■ DATA
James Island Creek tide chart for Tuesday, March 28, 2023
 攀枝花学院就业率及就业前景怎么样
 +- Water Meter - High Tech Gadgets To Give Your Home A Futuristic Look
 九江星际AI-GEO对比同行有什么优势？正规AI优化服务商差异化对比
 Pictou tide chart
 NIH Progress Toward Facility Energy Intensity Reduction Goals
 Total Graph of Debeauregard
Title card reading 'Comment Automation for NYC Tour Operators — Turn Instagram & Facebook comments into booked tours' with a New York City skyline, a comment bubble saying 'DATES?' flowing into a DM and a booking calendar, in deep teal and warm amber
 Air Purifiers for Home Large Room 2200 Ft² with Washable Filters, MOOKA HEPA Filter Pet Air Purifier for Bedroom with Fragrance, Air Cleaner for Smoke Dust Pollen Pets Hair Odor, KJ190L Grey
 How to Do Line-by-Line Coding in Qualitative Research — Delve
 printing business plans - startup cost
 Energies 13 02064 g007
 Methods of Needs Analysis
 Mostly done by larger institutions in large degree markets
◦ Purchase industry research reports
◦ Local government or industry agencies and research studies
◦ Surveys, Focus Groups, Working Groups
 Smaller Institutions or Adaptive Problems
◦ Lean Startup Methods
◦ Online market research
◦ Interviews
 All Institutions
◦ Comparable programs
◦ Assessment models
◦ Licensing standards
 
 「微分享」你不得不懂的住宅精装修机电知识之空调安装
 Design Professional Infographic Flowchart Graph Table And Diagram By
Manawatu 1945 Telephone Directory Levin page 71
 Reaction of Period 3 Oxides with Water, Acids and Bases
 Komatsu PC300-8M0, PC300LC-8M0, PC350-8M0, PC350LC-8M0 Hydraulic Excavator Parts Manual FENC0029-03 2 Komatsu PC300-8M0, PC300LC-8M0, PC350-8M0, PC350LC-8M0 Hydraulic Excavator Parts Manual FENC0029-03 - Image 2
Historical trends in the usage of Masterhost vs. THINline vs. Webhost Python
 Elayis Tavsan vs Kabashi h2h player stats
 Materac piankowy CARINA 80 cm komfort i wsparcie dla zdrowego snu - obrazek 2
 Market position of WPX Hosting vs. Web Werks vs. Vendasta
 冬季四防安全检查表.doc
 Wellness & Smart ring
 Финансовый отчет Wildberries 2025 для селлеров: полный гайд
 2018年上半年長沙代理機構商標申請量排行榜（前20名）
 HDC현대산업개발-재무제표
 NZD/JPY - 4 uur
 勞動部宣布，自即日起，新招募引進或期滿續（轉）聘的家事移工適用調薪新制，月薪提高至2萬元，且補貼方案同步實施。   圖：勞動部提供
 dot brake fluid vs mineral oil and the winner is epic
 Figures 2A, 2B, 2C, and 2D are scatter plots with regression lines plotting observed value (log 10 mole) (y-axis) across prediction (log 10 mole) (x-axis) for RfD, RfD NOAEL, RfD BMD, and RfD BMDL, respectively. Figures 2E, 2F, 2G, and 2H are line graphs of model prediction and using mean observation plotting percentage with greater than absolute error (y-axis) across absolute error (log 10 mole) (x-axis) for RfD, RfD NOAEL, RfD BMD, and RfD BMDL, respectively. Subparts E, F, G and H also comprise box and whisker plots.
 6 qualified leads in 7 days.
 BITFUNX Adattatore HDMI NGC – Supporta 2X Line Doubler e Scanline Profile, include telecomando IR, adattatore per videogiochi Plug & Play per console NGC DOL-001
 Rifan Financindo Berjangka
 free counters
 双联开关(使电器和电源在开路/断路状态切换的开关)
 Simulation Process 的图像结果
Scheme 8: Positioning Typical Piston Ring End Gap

■ WHAT IS EXPECTED
Precisely the lines between those holding "Air Purifiers for" and "Historical trends in", inclusive, are to be reproduced from the listing above, with nothing added.

■ EXERCISE SOLUTION
 Air Purifiers for Home Large Room 2200 Ft² with Washable Filters, MOOKA HEPA Filter Pet Air Purifier for Bedroom with Fragrance, Air Cleaner for Smoke Dust Pollen Pets Hair Odor, KJ190L Grey
 How to Do Line-by-Line Coding in Qualitative Research — Delve
 printing business plans - startup cost
 Energies 13 02064 g007
 Methods of Needs Analysis
 Mostly done by larger institutions in large degree markets
◦ Purchase industry research reports
◦ Local government or industry agencies and research studies
◦ Surveys, Focus Groups, Working Groups
 Smaller Institutions or Adaptive Problems
◦ Lean Startup Methods
◦ Online market research
◦ Interviews
 All Institutions
◦ Comparable programs
◦ Assessment models
◦ Licensing standards
 
 「微分享」你不得不懂的住宅精装修机电知识之空调安装
 Design Professional Infographic Flowchart Graph Table And Diagram By
Manawatu 1945 Telephone Directory Levin page 71
 Reaction of Period 3 Oxides with Water, Acids and Bases
 Komatsu PC300-8M0, PC300LC-8M0, PC350-8M0, PC350LC-8M0 Hydraulic Excavator Parts Manual FENC0029-03 2 Komatsu PC300-8M0, PC300LC-8M0, PC350-8M0, PC350LC-8M0 Hydraulic Excavator Parts Manual FENC0029-03 - Image 2
Historical trends in the usage of Masterhost vs. THINline vs. Webhost Python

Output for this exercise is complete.